# What is your favorite book that no one knows about?



## Guest (Sep 11, 2019)

If I had all the money in the world I would go from one bookstore to another and ask the proprietor what is your favorite book that no one knows about? So I thought I would ask reddit. Fiction / non fiction / graphic novel.

I am really interested and fascinated by literary archaeology and would also love any nonfiction or fiction books about this subject. What I really find interesting is the concept of things you do not know that you do not know.

My personal theory is that there are all of these amazing, brilliant books out there but since they were not the same as what was popular they just have become forgotten overtime.

Look forward to your answers.


----------



## NogDog (May 1, 2009)

Two books I really liked that I don't think I've ever heard anyone else talk about:

* _Pears and Perils_ by Drew Hayes
* _Death and the Penguin_ by Andrey Kurkov

Each is kind of quirky and not easily shoehorned into a standard genre/category, which may have something to do with it?


----------



## crebel (Jan 15, 2009)

What kind of feedback did you get from reddit users?


----------



## Tony Rabig (Oct 11, 2010)

These three come to mind immediately.  The first is long out-of-print but well worth digging for either on Amazon or through interlibrary loan; the other two are available in the Kindle store.

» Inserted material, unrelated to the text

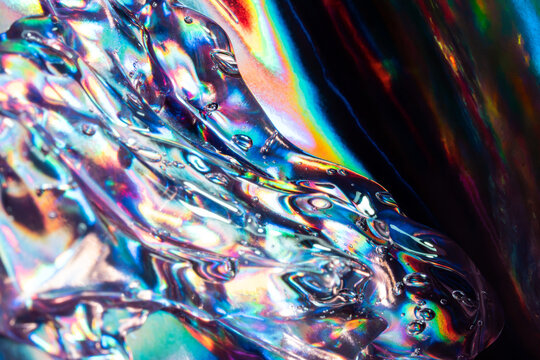 Iridescent liquid texture with abstract science background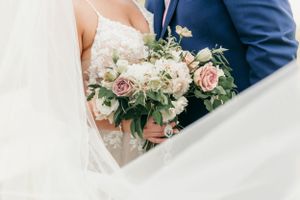 Close-up of blush and cream bridal bouquet against white wedding dress.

1. MYSTICAL UNION, by Don Robertson
2. 1968, by Joe Haldeman
3. VOICES OF A SUMMER DAY, by Irwin Shaw

Enjoy.


----------



## barryem (Oct 19, 2010)

I'm about half way through "Tammy Out of Time" by Cid Ricketts Sumner, a 1948 book that was later made into the three Tammy movies of the 1960s. I remember seeing the first movie which I think was based on this book. I don't remember anything about it. I had a date that night and the movie might not have been my focus. I had no idea till a couple of weeks ago that it was even based on a book.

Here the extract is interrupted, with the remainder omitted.